Equipment: From teacher control over lab equipment to open student access to a variety of vernier lab equipment (sensors, cart, tracks, etc). Each day students must retrieve and return at last some their equipment. On “challenge” labs, students have to decide what equipment they want to address the challenge.
Groups: From lots of unstructured group work to more structured group work (a lot of this came about from students having free access to equipment… we only wanted one person per day to be retrieving/returning equipment). This led us to think more critically about group roles. We still have some work to do in building assessment (peer/self/whatever) to our structure.
Hours: From Two 2.5 hours studio session + one 1.5 hour lecture to two 3 hour student sessions. Mini-lectures are interleaved with collaborative problem-solving, labs, clicker questions, etc.
Clickers: Clickers were used exclusively in the 1.5 hour lecture, now they are integrated into the studio sessions.
What are the biggest differences in philosophy?
– Units were organized around “Culminating Challenge Labs” (like practicals in Modeling Instruction). We designed backwards–asking first what do we want students to understand and be able to do –> then what lab challenges would representatively sample that terrain of understanding –> then finally what learning experiences would give us confidence students would be able to succeed. Our lab activities and problem-solving sessions are intended to equip students with the skills necessary to be successful with the challenge lab.
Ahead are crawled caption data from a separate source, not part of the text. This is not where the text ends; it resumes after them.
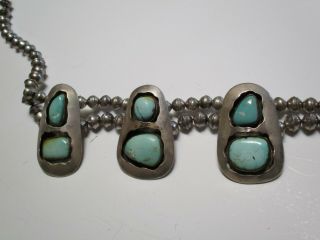 VINTAGE PAWN INDIAN NAVAJO STERLING SILVER TURQUOISE SQUASH BLOSSOM NECKLACE 4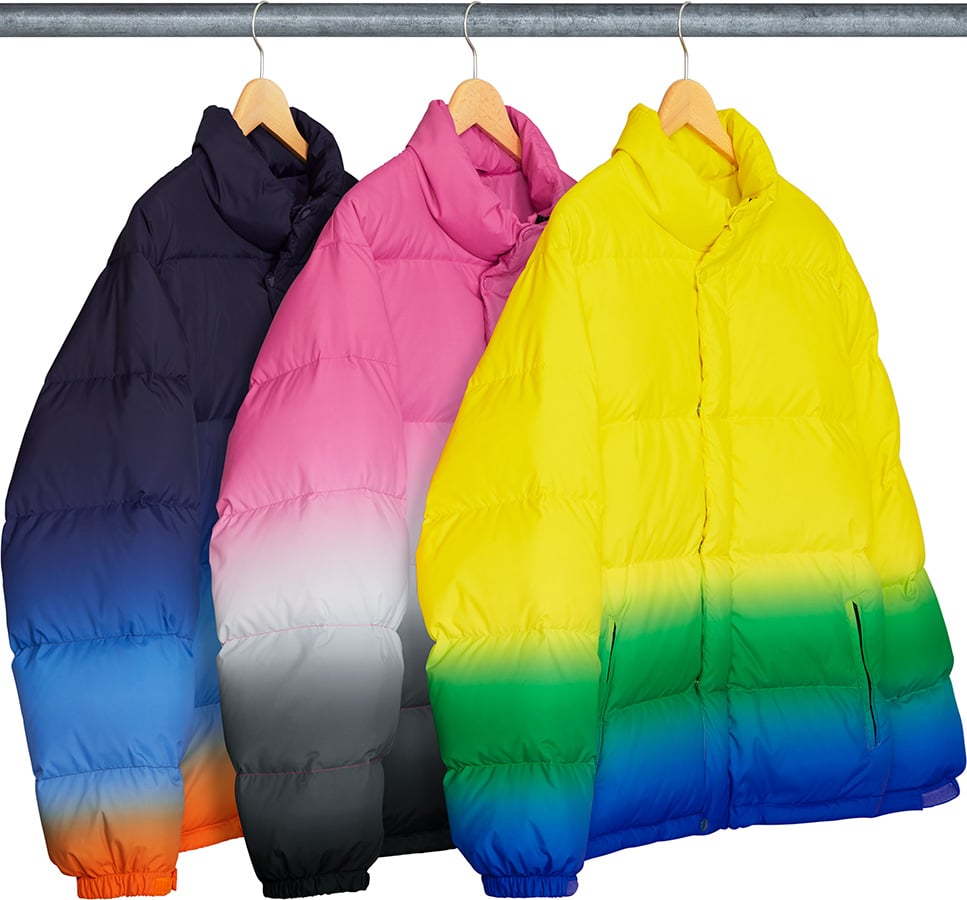 supreme gradient puffy jacket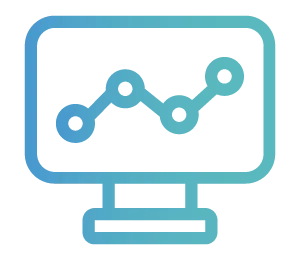 Line graph on a computer screen, displayed in blue gradient, showing data analysis.
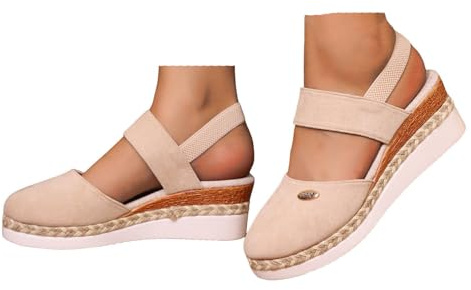 Keilabsatz Schuhe Damen Elegant Leder Bequeme Espadrilles Vorne Geschlossen rutschfeste Elastisch Slingback Sandalen 2025 Sommer Lässige Urlaub Reise Sandaletten mit Riemchen (Beige, 40)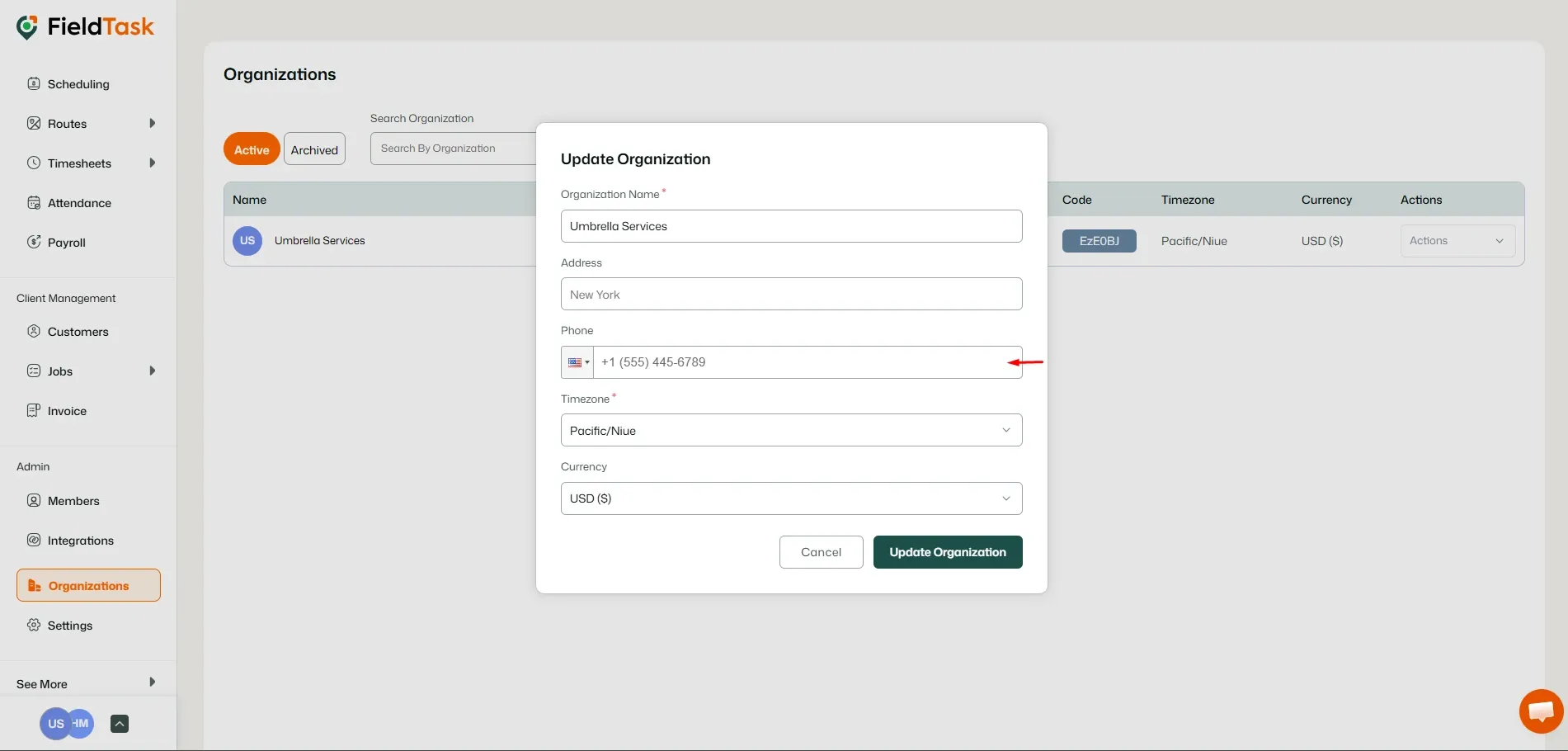 FieldTask Organization Edit Page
This semester, we’ll be discovering what gaps we’ve made to large and what gaps we’ve overly smoothed over.
– Students having open and free access to the lab equipment is rooted in us trying to give students more agency in the lab. Previously, it always felt like, “we owned the lab equipment” and we set it out for students to use when and how we wanted. We are trying to provide an environment where students feel like it’s their equipment and they get to use it when they need it. Part of that of course is helping them to feel confident in their ability to use it, but releasing control. We will be working on getting the balance right, but I’m happy this is a driving factor of our course.
– A stronger focus on qualitative understanding and conceptual reasoning. We have better balance, which is largely supported by having the new text, using “lab explorations” to introduce topics, and implementing collaborative exercises and clicker questions that focus on that aspect. We tend to move from phenomena –> qualitative representations –> quantitative representations.
Outline of First Day: Introduction and Motion Diagrams
1 hour for course introduction /logistics and pretest
1 hour to interactive lecture demos, clicker questions, and collaborative exercises about motion diagrams
1 hour for lab introduction to logger pro and motion detectors (I created a file to have motion detector make motion diagrams instead of graphs… students practice getting equipment for the first time, connecting their equipment, accessing software, and then they are guided to make predictions/observations for various motions of objects including their hands, fan carts, etc.)
Overall, it went well.
The idea of having logger pro make motion diagrams intrigues me. Is this something you’d be willing to share?
Yes… you can direct message me your email on twitter (@brianwfrank), and I can send you the file. Basically, you set motion detector to sample at a low rate (~2 / second). Then you make a graph with a dummy variable on one axis and position on the other. If you want to have motion that turns around, you want your dummy variable to distinguish toward/away. For example, I made a calculated column that takes velocity/abs(velocity), which ends up putting the motion map slightly above when moving away, and slightly below when moving toward. This keeps the motion map from overlapping. Maybe I’ll write a post about it?